I'm learning define-struct from HtDP, to improve some "Lambda algebra"
code I wrote last year to cite in a Math paper.

HtDP has nice examples of using define-struct to specify tree-like
data.  I liked 14.4 Extended Exercise: Evaluating Scheme.  Simple
Scheme expression are trees consisting of numbers & symbols connected
by + and * (both 2 children).

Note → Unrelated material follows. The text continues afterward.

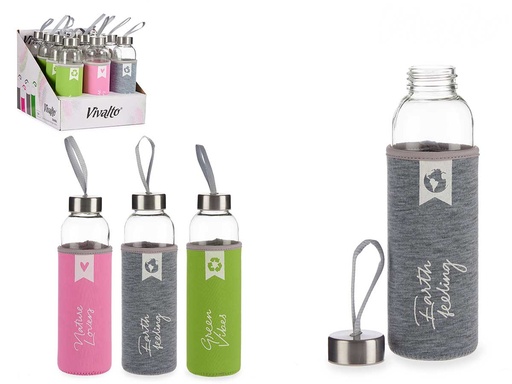 Botella neopreno cristal gris: ¡mantén tu bebida fría y estilosa!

The tree-connections are specified by:

(define-struct mul (left right))

so (+ (* x x) (* y y)) is (make-add (make-mul 'x 'x) (make-mul 'y 'y))

My question (very specific below) is when should we use define-struct?
Any time we have a class of objects, say Widget, we can use
define-struct to specify lists of widgets, by

(define-struct widgets (first rest))

Then we can define lists of widgets in this way

(define w (awidget lowidgets))

and then (widget-first w) and (widget-rest w) are the first & rest of
my list of widgets w.

So my general question is: is this considered to be useful?  Maybe
it's only useful if we have more complicated tree-like data.  HtDP
doesn't seem to pull out structures any times there's a listofWidget.

So here's my simple example that looks like lists of widgets.  I'm
working with a "tensor algebra over Z/2", and I have 1000 lines of
working but maybe-not-transparent DrScheme code.  I define

Monomial =lists of integers n >= 0

So (2 4 8) is a monomial.  The empty list is the "identity element."

I also define
Polynomial = lists of monomials

but actually, given any list of monomials, I replace it by the
polynomial given by quicksorting the list with left-lexicographical
order and then deleting repetitions.  (BTW Z/2 = deleting
repititions.)  The empty list is the important "zero element."

Then I have recursive functions : Polynomials ---> Polynomials.

I wrote the code where polynomials were lists of lists of integers.  I
tried to abstract the list-ness away with fancy names of functions:

(define (Poly+Poly X Y)
;; Returns the Lambda polynomial X + Y of two polynomials X & Y.
(append X Y))

(define (Mono*Mono x y)
;; Returns the Lambda monomial x * y of two terms x & y.
(append x y))

See, appending two lists of integers is multiplication, and appending
two lists of monomials is addition in the tensor algebra.  (BTW the
"lambda algebra" is a quotient of this tensor algebra.)

Anyway, I'm wondering if HtDP experts think there's any advantage to
using structures here to define Monomial & Polynomial.  I could say

(define-struct Mono (initial rest))
(define-struct Poly (first rest))

and then my definitions would become selectors:

(define (Mono-initial term)
;; Returns the initial  \i_1 of a nontrivial Lambda term \i_1 ... \i_n
(first term))

(define (Mono-rest term) (rest term))

(define (Poly-first X) (first X))

(define (Poly-rest X) (rest X))

If this isn't the right list to post such a question to, I apologize,
and I can send it to the graveyard c.l.s.  But it seems to me that the
only folks who would be interested & experts are here.